Idina wrote, inviting her for a sketching holiday to Ireland, an offer she found both amusing and touching. She knew Idina had never had any talent for drawing, nor any interest in it, but she appreciated the kindness behind the offer and told Idina so. She wanted, however, to remain in town for Josephine’s season, and declined the invitation. But she also expressed the hope that she and her old friend could see more of each other from now on, and to her happy surprise, Idina responded by inviting her and Jo to come for a visit after the start of the grouse, an invitation she happily accepted.

Some well-meaning and not so well-meaning acquaintances also came to call. Some were motivated by kindness, she knew, but others had more unsavory motives, and Kay soon wearied of all the sympathetic tut-tutting and thinly veiled curiosity about Wilson and Lady Pamela’s shocking elopement, and despite all the years of effort she’d put in trying to win over these people, she soon began asking the Savoy footmen bringing up their calling cards to say she was not at home. In doing so, she discovered that turning them away was not particularly difficult. Climbing back up the ton’s social ladder was probably a lost cause for her now. And, more important, she’d lost the impetus to try, for she found all this false sympathy irritating and the ghoulish curiosity distasteful.

There was, however, one person who called on Kay who knew instinctively what would do her the most good. One evening shortly after the news hit the papers, Delia arrived at her door with twobottles of the Mayfair’s best claret, a box of French chocolates, and a tray of éclairs. She enveloped Kay in a heartfelt hug, asked in an offhand way if she wanted to talk about it, and upon receiving a resounding no, proceeded to open the wine and regale her with humorous tales of life as the general manager of a hotel. And though drinking that much claret and eating that much confectionery in one sitting caused Kay to wake the following morning with rather a headache, her friend’s visit helped enormously to revive her spirits.

She did not speak with Devlin. Not that he didn’t try. He called, he wrote, he approached her at a ball and asked her to dance. He even sent a telegram, of all things, but she steadfastly ignored these attempts to gain her attention.

She was still angry at him for the high-handed kiss that had thrown her life into this mess. But she also knew that by not shoving him away and slapping his face, she might have given him cause to believe he had a gentlemanly way to make up for his most ungentlemanly actions. And she wasn’t about to let the scoundrel have such an easy way to ease his conscience.

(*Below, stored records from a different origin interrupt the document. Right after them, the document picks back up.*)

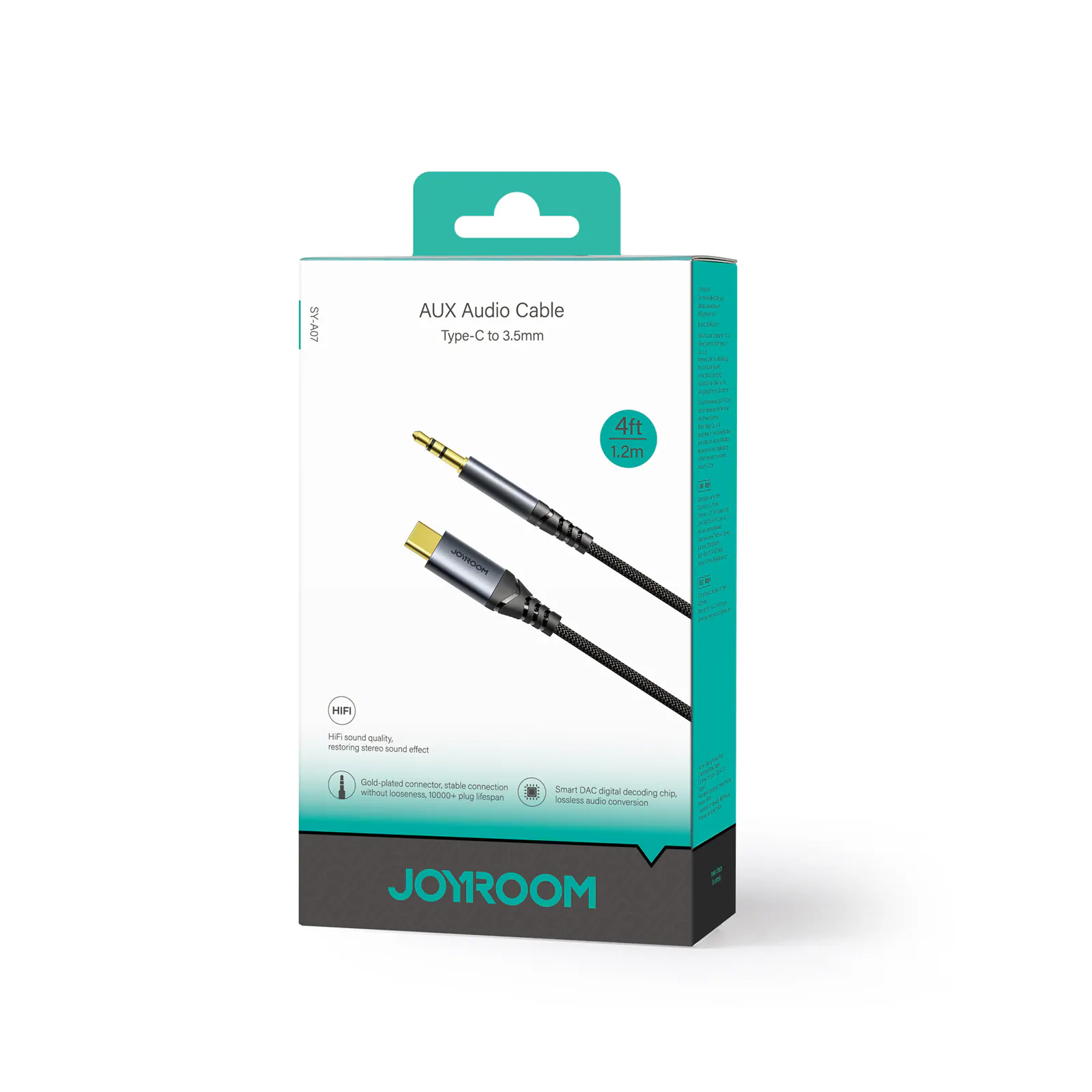 Joyroom USB-C till 3,5 mm AUX-kabel, 1,2 m - Svart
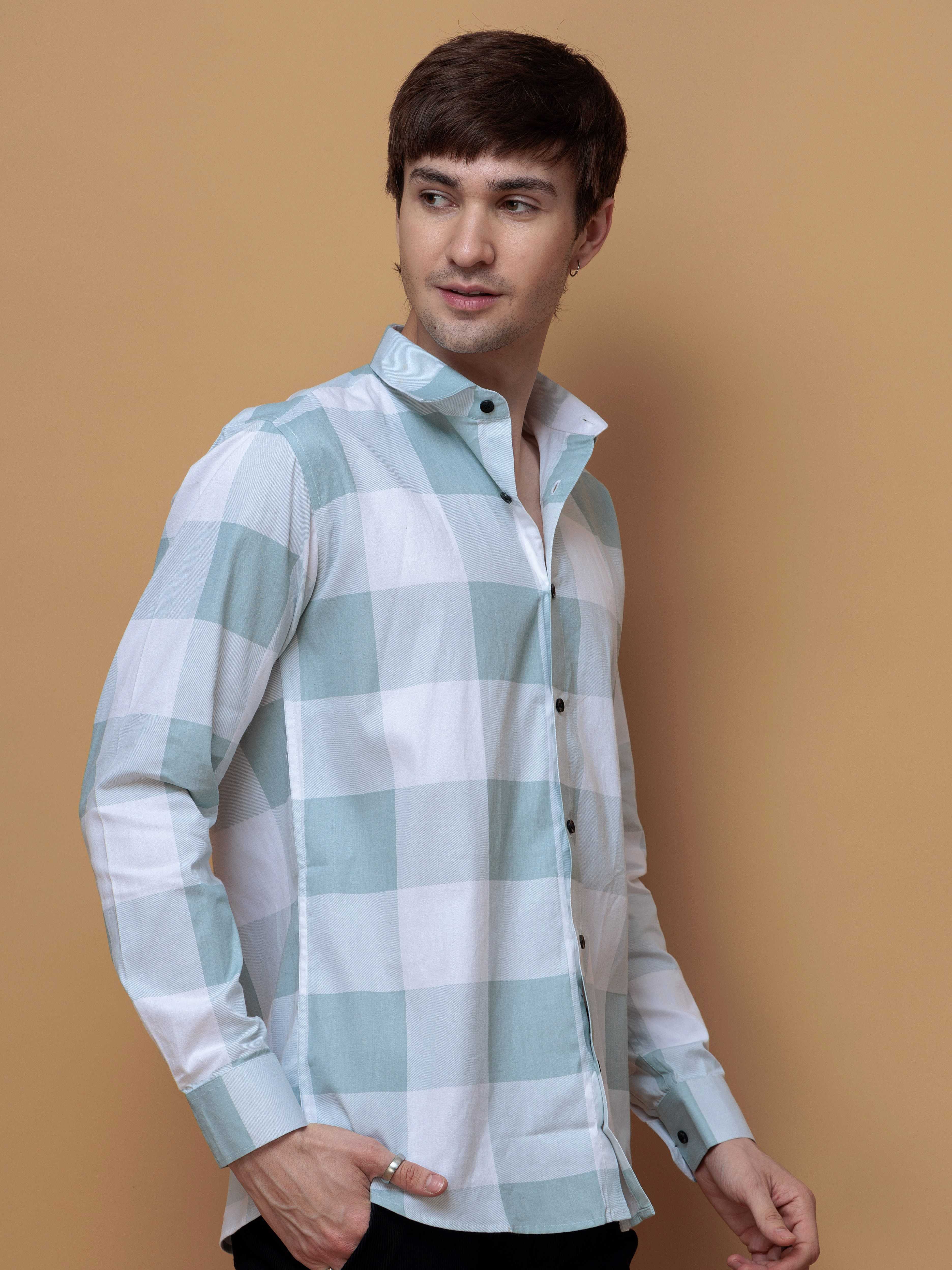 FOOMER GREEN CHECKS COTTON CASUAL SHIRT FOR MEN'S - Image 6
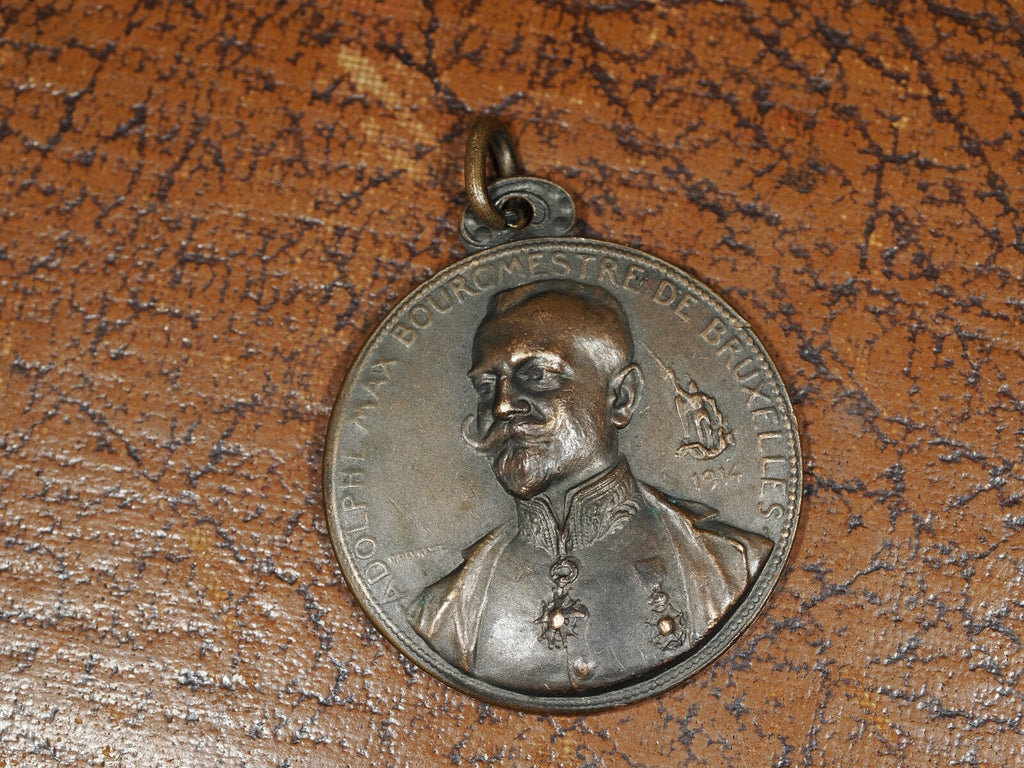 WW1 ADOLPHE-MAX-BOURGMESTRE-DE-BRUXELLES COIN MEDALLION 19140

After she pitched his ridiculous telegram in the trash, a week went by with no other word from him, and she hoped he’d given up. But two weeks to the day after she’d refused his proposal, the Savoy brought a delivery to her door, one that made Kay realize Devlin had not given up at all.

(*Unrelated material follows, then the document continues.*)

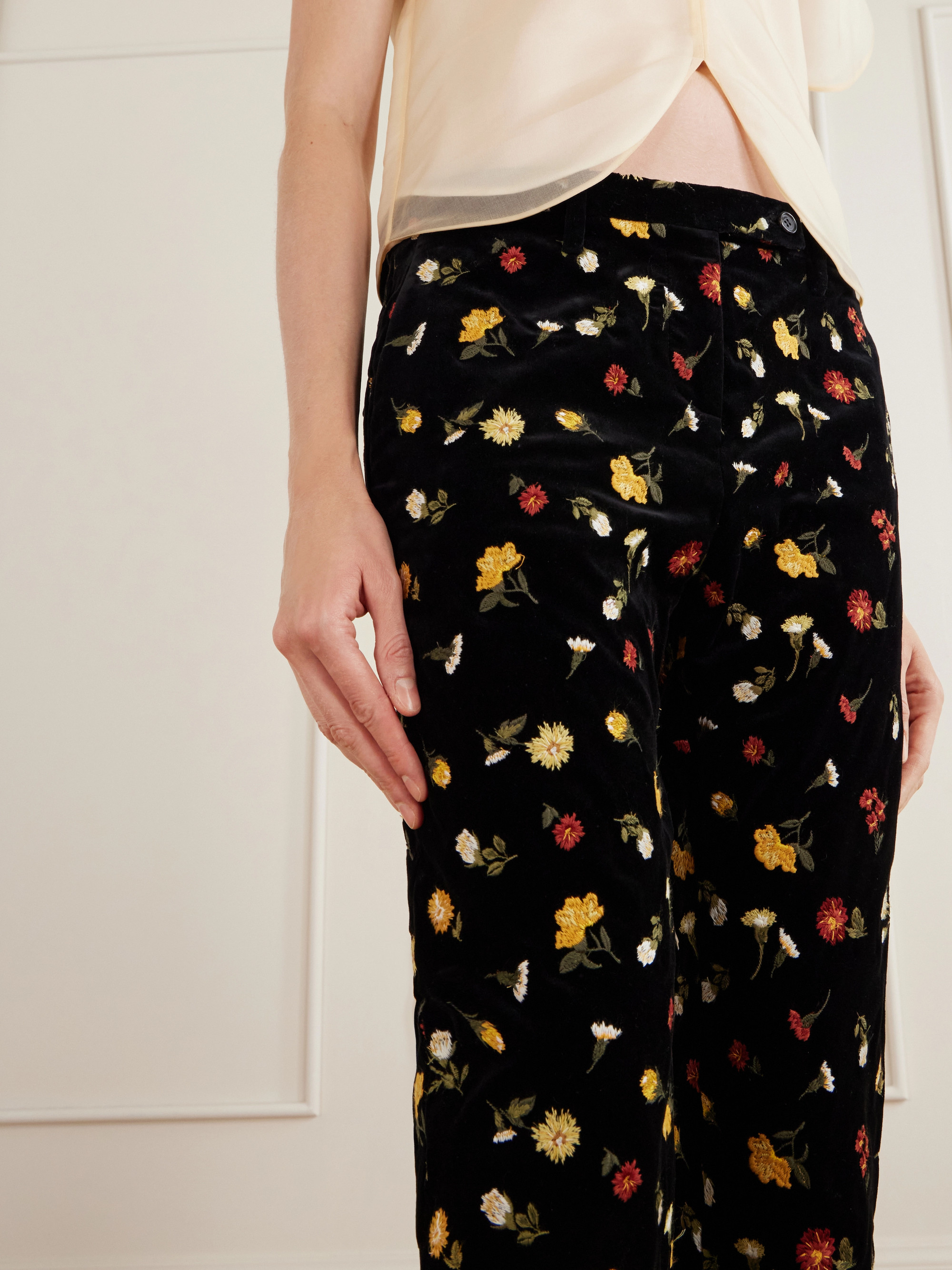 KHAITE Han floral print cotton-blend pants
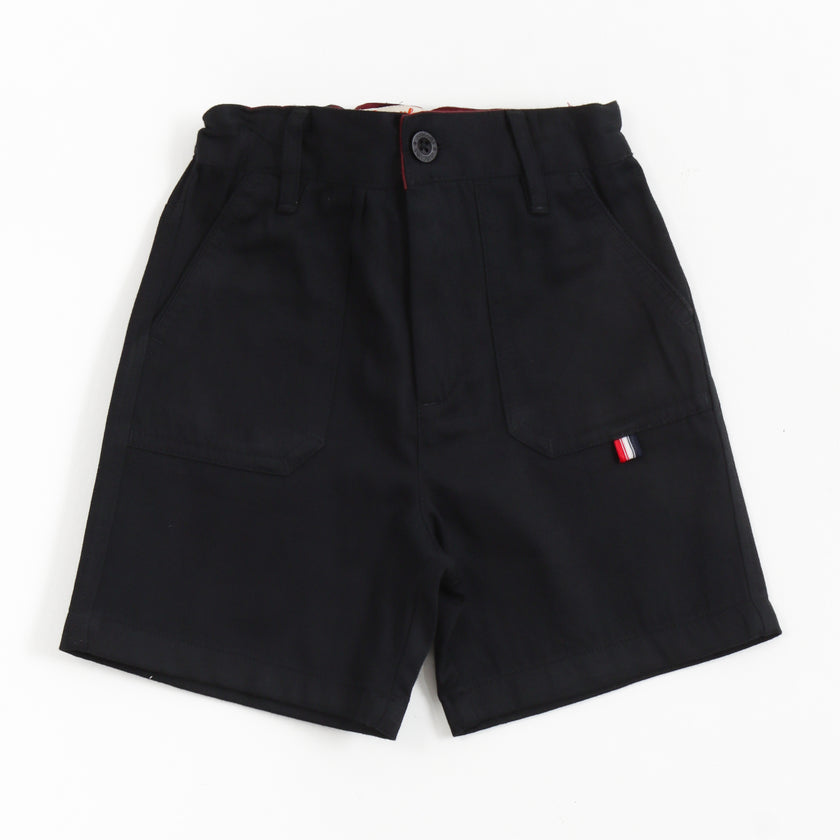 JusCubs Boys Black Solid Casual Shorts with Front Pockets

“Heavens, what’s all this?” Magdelene cried, causing both Kay and Josephine to look up from their afternoon tea.

“Delivery, my lady,” a male voice said from the corridor.

“What is it, Mama?” Kay asked. She leaned first one way, then the other, but from her seat at the table, there was no way to see past her mother into the corridor beyond.

“Something for Josephine, I think,” Magdelene turned to her youngest daughter, her face lighting up with delight. “It seems you have acquired a most ardent admirer, my dear.”